Тогда повсюду возрождаются черви шпионажа, подтачивающие семейное спокойствие,
самые родственные и дружеские связи; тогда предержащие власть в областях
получают охоту выставлять свое усердие к престолу и выслуживаться - не
бдительностью о порядках и о спокойствии общественном, но открытием так
называемых злонамеренных людей и доставлением правительству пищи, возбуждающей
аппетит к жестокостям. Наша история со времен Бирона, в течение ста лет,
представляет множество таких примеров; разумеется, не печатная история.
Упомянем некоторые, еще свежие в памяти живущего поколения.
В последнее время царствования Екатерины II, она встревожилась
казнью французского короля; тотчас московский главнокомандующий князь Прозоровский
воспользовался этим, чтобы обратить на себя особенное внимание и подслужиться*7.
Чрез московского почтдиректора Пестеля, он имел копии с переписки некоторых
масонов, принадлежавших к так называемому Новиковскому обществу. Составив
записку, он поехал в Петербург и до того умел напугать императрицу тайным
мартинизмом и мнимыми замыслами этого общества - возвести на престол наследника,
что и великая сделалась слабодушною: она дала ему полную власть - арестовав
Новикова и всех его сообщников, учинить строгий розыск.
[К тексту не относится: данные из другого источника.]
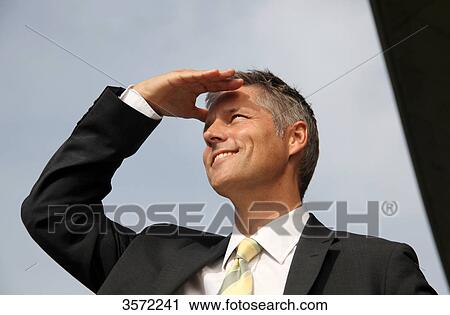 Smiling businessman outdoors looking around View Large Photo Image Stock Image - Smiling businessman outdoors looking around . Fotosearch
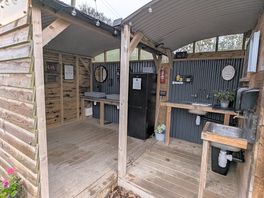 Kitchen / washup area with helpful local info in a folder, and device charging for a small donation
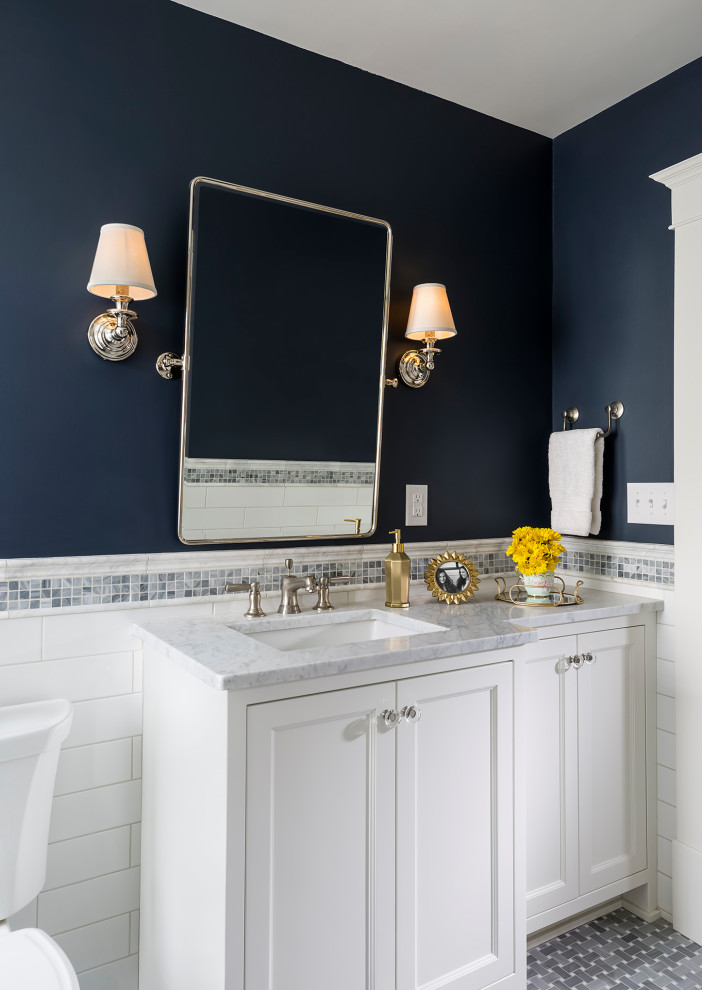 Example of a small classic white tile and ceramic tile marble floor, gray floor and single-sink bathroom design in Minneapolis with recessed-panel cabinets, white cabinets, a two-piece toilet, blue walls, an undermount sink, marble countertops, white countertops and a built-in vanity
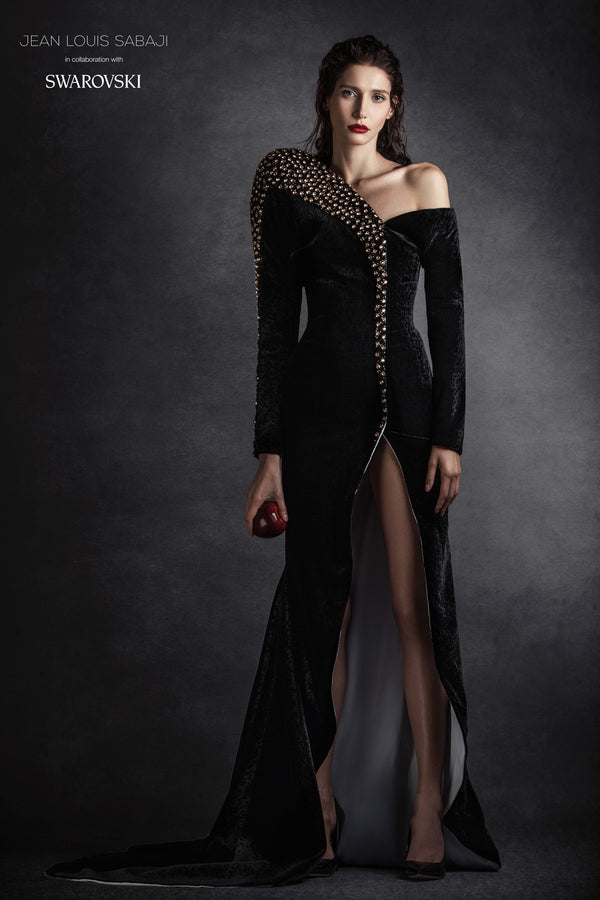 Asymmetrical black velvet mermaid gown with oversized structured shoulder, embellished with Swarovski crystals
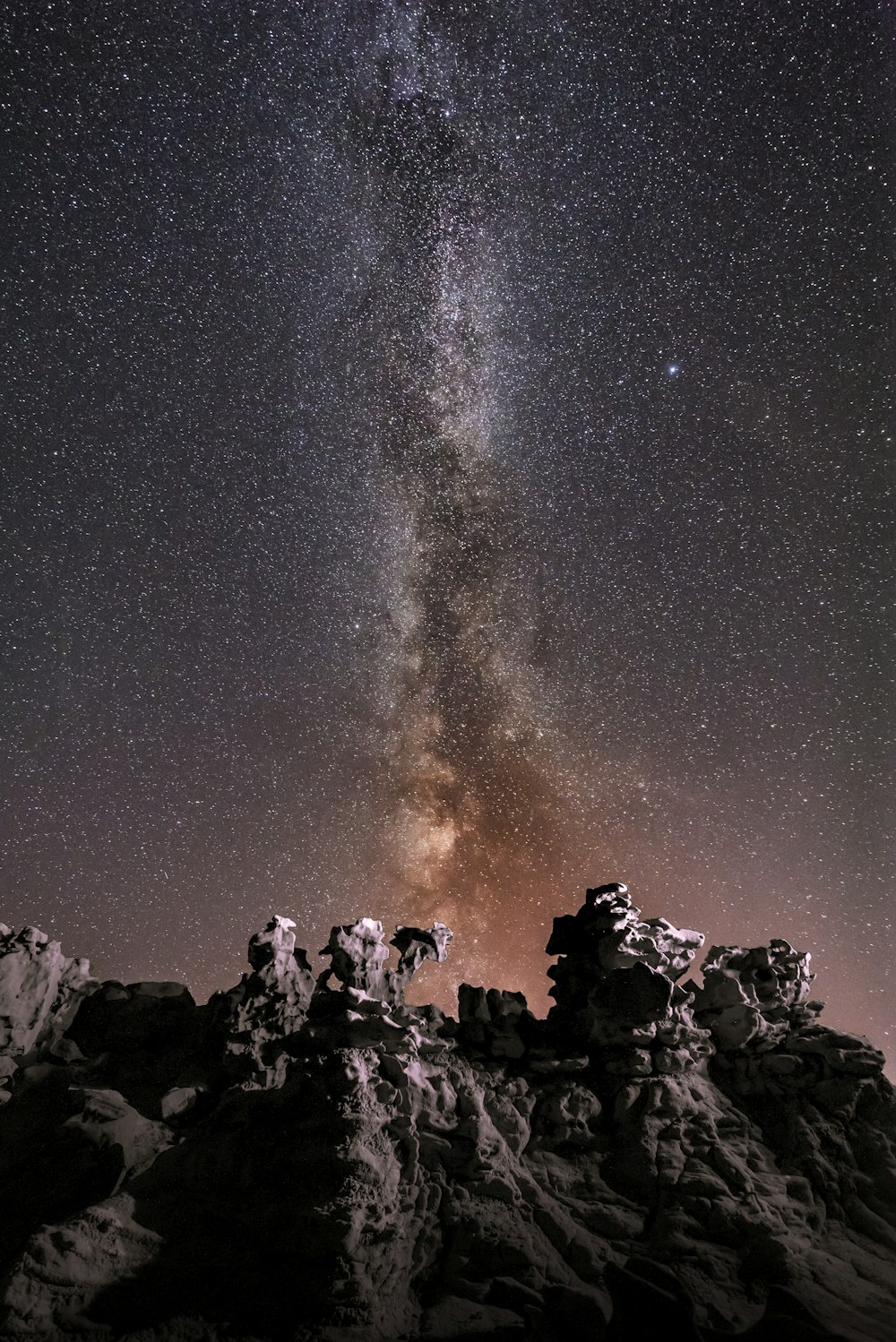 silhouette photography of rock formation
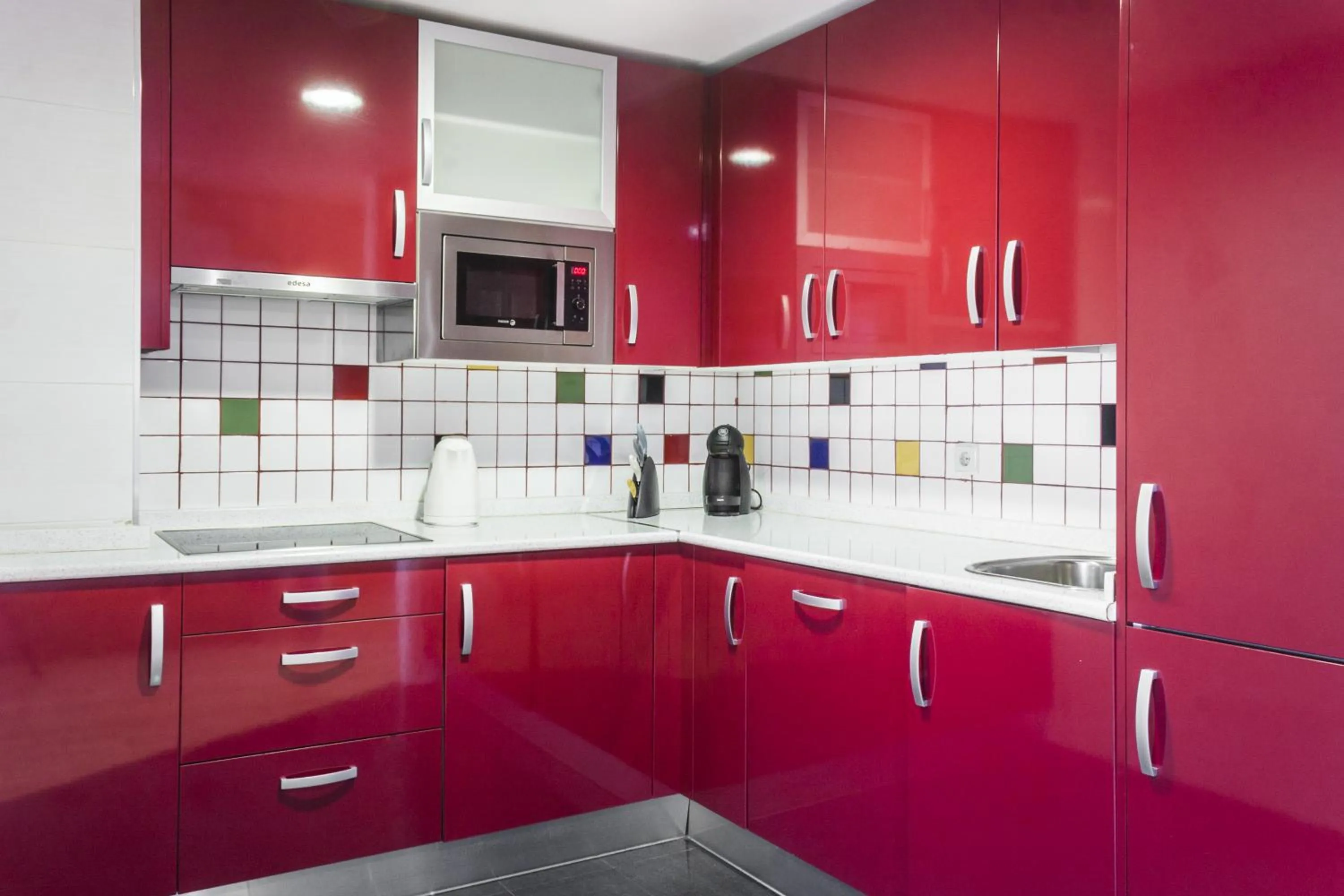 Kitchen or kitchenette in Mola Suites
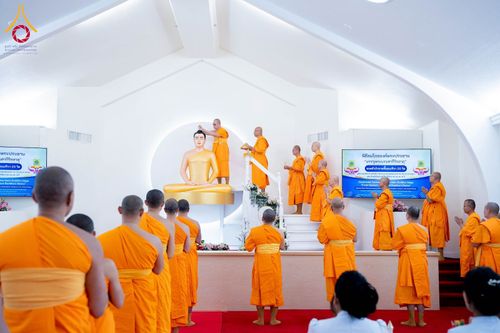 พระภิกษุสงฆ์ในจีวรสีส้มกำลังประกอบพิธีบนแท่นประดิษฐานพระประธานสีทองภายในห้องโถงสีขาวที่มีผู้เข้าร่วมพิธีจำนวนมาก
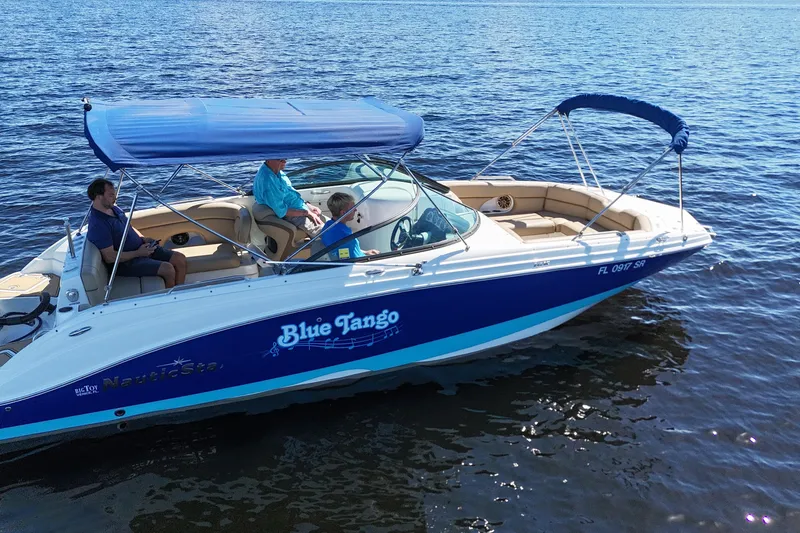 Slide: The Image of 2020 NauticStar 243 DC boat named "Blue Tango" on water with passengers. - 14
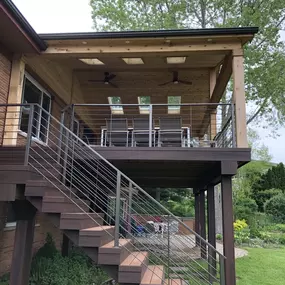 Covered lakefront deck with ceiling, metal railings, and a spacious dining area overlooking a serene landscape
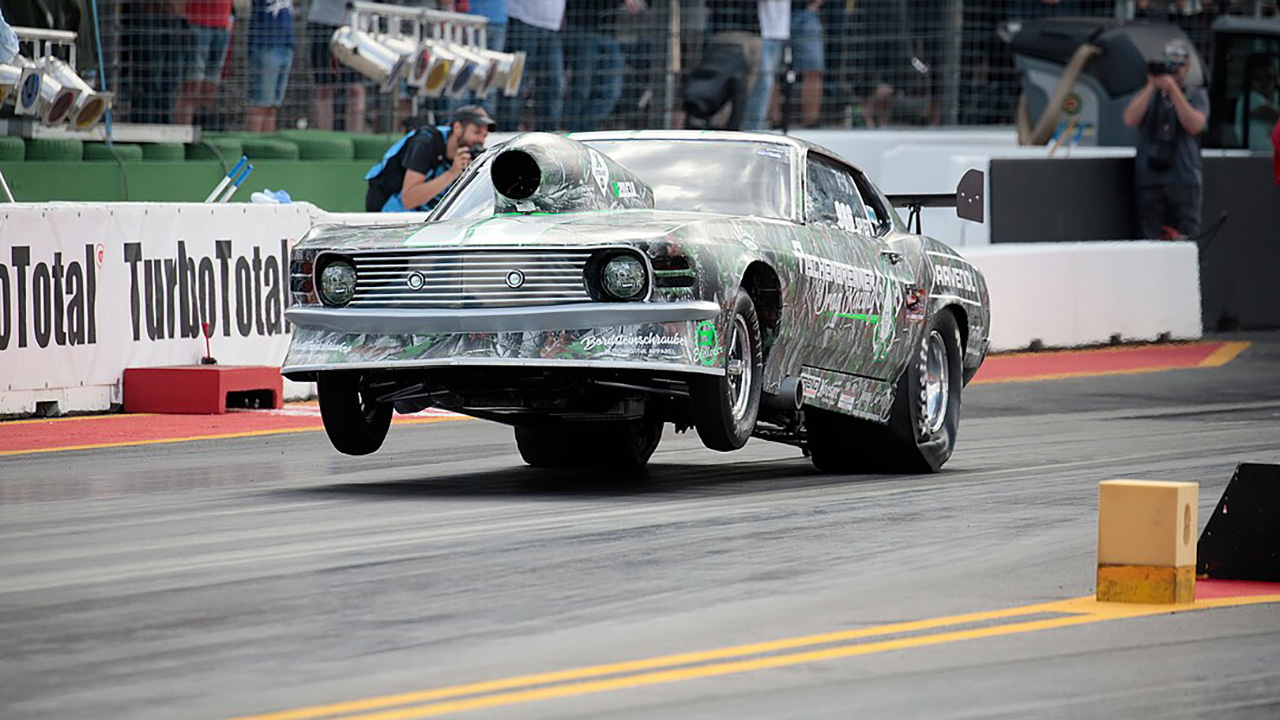 Why some drag cars pull wheelies and others don’t, explained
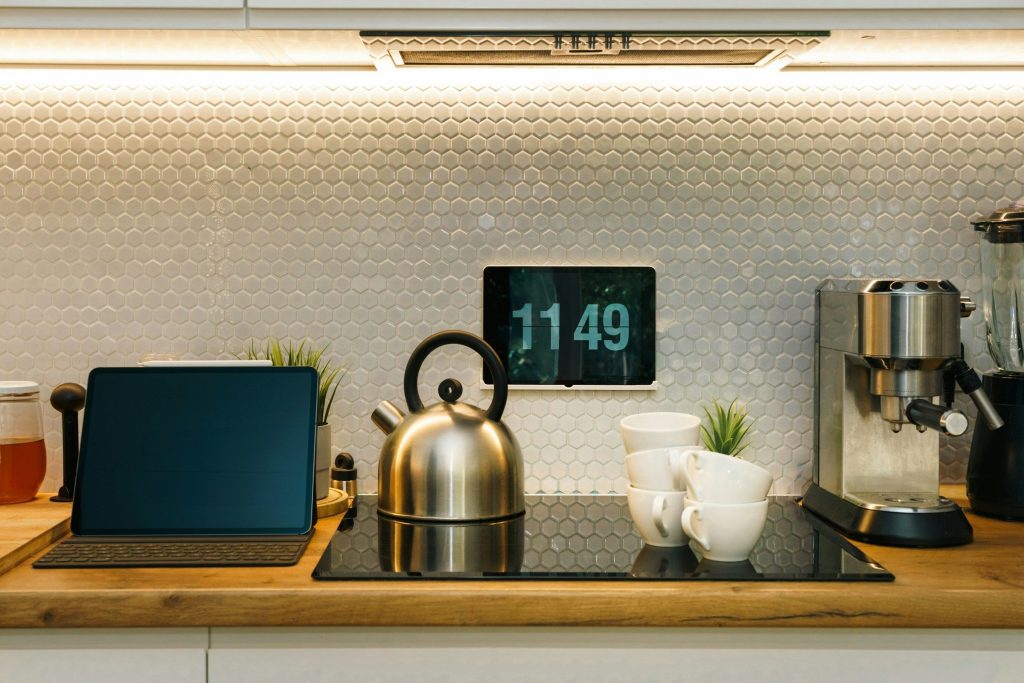 A domestic induction hob set into a wooden counter, with a kettle standing on it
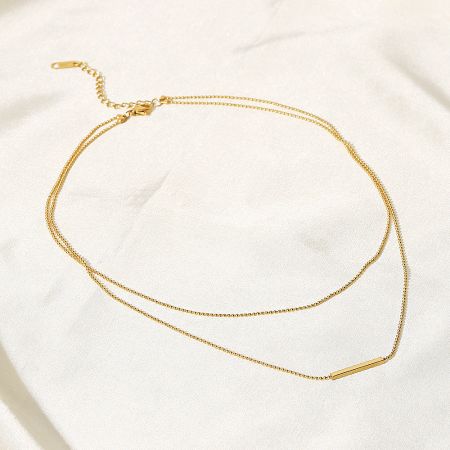 Full view of the gold double-layer necklace, displaying both chains and the central bar pendant.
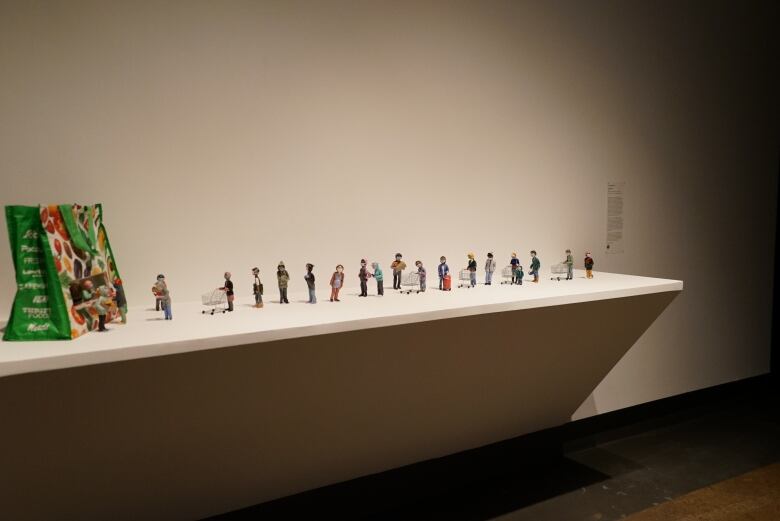 A row of mall figurines.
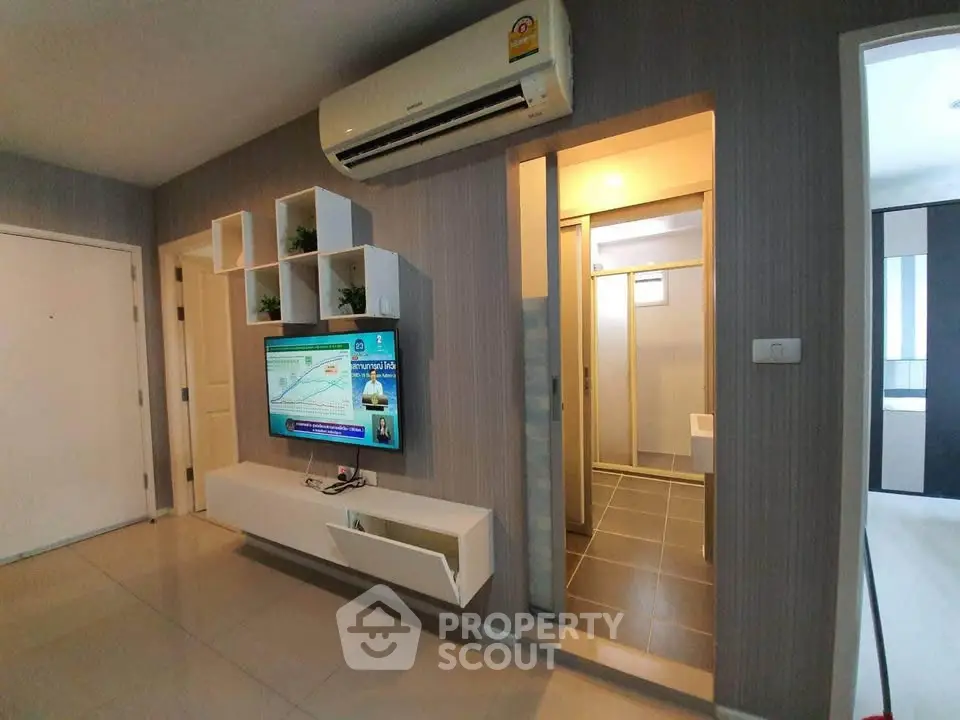 Modern living room with wall-mounted TV and air conditioning, adjacent to a sleek bathroom entrance.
Таким образом,
это общество, существовавшее более двадцатилетия и действовавшее открыто,
в ее собственных видах к просвещению России, было варварски*8 уничтожено,
зловредное. Хотя при всей нечаянности, ничего не найдено, по чему бы можно
было предать гонимых суду по законам, но тем не менее Прозоровский, чтобы
не остаться в дураках пред императрицею, умел дать этому делу такой вид,
что незабвенный россиянин Новиков с доктором своим Багрянским, вовсе не
принадлежавшим к его обществу, посажены были в Петропавловскую крепость
и томились в ней с несколькими другими невинными*9 до самой смерти императрицы.
Один из членов этого общества, сосланный тогда в свои
деревни, бывший потом сенатором, известный И.В. Лопухин оставил потомству
верную картину всего этого происшествия в своих записках.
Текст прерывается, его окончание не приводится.